From letters in the August 6th StarTribune:
Raising the white flag

Columnist Nick Coleman now contends the citizenry ought to rise up and start yelling about the Iraq war (Star Tribune, Aug. 5). In so doing, he demonstrates an appalling ignorance of recent history.

During the Vietnam War, the Communists, knowing they could not defeat us on the battlefields, came to believe they could win by simply outlasting us. To that end, their strategy became one of killing as many Americans as possible until the American people gave up and left. It worked.

Now some Americans want to make exactly the same mistake in Iraq that we made in Vietnam.

Thomas Malone, Minnetonka.

Spotty says that Tommy is the one who's appallingly ignorant of recent history. Robert McNamara and the Pentagon concluded early in the Johnson administration that the Vietnam conflict was unwinnable. Johnson knew this; it is probably the reason he didn't stand for office in 1968. Johnson did not want the war lost on his watch.

In a CNN interview, McNamara said this about the Vietnam conflict:
This was much more a civil war than a war of aggression. I'm not arguing that there wasn't an element of aggression in it; I'm not arguing that the Chinese and the Soviets might not have tried to use South Vietnam as a launching pad to knock over the dominoes of Malaysia and Thailand and Indonesia and whatever. But what I am arguing is that the conflict within South Vietnam itself had all of the characteristics of a civil war, and we didn't look upon it as largely a civil war, and we weren't measuring our progress, as one would have in what was largely a civil war. ...

It is said that the military operated with one hand tied behind their backs. To the extent that that refers to a restriction on land invasion by U.S. forces on North Vietnam, that's true. But today, General Westmoreland, who was the commander in Vietnam at the time, says that while at the time he felt he was constrained, he now understands that that was an effort by the president to prevent the U.S. coming into open military conflict with China and the Soviet Union. And Westmoreland says, "Thank God we avoided that. That was a correct policy at the time." Could more military pressure have been applied, in the sense of more bombing of the North? In one sense, no. We dropped two or three times as much bombs in North and South Vietnam as were dropped by all Allied Forces throughout World War II against all enemies. It was a tremendous air effort. But there are certain things bombing can't accomplish. They can't break the will of people under certain circumstances. They didn't break the will of the North Vietnamese. And it cannot stop the movement of the small quantities of supplies that were necessary to support the Viet Cong and the North Vietnamese forces in the South.
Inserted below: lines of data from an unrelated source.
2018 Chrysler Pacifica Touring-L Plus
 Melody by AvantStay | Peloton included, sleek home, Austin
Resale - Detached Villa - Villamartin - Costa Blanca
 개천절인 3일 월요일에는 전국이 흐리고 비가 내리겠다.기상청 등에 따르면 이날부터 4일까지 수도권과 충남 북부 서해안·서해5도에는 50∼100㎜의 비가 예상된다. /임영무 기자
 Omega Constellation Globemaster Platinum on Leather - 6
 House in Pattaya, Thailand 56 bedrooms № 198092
They didn't, and it couldn't; and no additional amount of money [or] bombing could have. ...

As early as December 1965, I reported to the President that I believed there was no more than a one-in-three chance -- at best a one-in-two chance -- that we could achieve our political objectives, i.e. avoiding the loss of South Vietnam, by military means.

Well, Tommy boy, that sounds a awful lot like Iraq, especially the civil war part. I guess we're just about as good at politics in the Middle East as we are in Southeast Asia! If we had followed Stay the Course Bush's policy in Vietnam, John McCain and the rest of his buddies would still be in the Hanoi Hilton.

Spotty is all in favor of making the same mistake in Iraq as we finally did in Vietnam. But then, Spotty is not so contaminated with hubris that he believes that the United States is so exceptional that it always wins.